:: EXCERPTED RECORDS

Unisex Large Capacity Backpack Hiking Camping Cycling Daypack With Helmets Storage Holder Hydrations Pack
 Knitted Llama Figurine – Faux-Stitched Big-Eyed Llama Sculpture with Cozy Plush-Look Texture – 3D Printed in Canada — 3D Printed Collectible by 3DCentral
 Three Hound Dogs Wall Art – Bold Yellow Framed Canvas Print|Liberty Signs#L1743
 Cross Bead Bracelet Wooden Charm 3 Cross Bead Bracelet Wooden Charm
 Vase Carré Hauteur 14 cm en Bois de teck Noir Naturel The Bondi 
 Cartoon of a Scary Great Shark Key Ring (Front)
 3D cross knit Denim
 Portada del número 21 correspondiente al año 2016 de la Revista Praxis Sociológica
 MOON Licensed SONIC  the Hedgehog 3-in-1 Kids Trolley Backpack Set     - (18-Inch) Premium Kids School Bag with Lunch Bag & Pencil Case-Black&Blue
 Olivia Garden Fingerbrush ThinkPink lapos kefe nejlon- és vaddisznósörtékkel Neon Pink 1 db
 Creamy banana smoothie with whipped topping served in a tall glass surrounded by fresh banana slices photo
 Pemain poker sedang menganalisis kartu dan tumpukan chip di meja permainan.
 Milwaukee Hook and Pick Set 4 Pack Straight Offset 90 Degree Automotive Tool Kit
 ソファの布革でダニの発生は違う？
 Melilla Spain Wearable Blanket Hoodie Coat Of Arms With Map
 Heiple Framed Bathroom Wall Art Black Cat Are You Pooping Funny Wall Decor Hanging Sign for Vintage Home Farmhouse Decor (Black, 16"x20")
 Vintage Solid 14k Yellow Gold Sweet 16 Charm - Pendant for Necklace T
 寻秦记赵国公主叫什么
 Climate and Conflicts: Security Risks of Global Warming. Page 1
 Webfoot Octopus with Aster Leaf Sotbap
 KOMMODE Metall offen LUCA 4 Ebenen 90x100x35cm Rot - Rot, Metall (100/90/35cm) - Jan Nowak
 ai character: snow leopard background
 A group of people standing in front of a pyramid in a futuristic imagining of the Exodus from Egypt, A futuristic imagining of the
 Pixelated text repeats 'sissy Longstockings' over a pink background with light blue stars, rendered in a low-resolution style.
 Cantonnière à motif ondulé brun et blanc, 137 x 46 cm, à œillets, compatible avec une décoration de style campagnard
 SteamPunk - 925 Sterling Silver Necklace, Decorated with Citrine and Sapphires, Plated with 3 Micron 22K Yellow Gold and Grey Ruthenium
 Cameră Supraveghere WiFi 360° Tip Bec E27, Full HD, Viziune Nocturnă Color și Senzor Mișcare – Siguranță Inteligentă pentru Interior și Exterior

::::

→ AIM OF THE TASK
Pick out each line above that includes "Black" and show it.

→ FINAL ANSWER
 MOON Licensed SONIC  the Hedgehog 3-in-1 Kids Trolley Backpack Set     - (18-Inch) Premium Kids School Bag with Lunch Bag & Pencil Case-Black&Blue
 Heiple Framed Bathroom Wall Art Black Cat Are You Pooping Funny Wall Decor Hanging Sign for Vintage Home Farmhouse Decor (Black, 16"x20")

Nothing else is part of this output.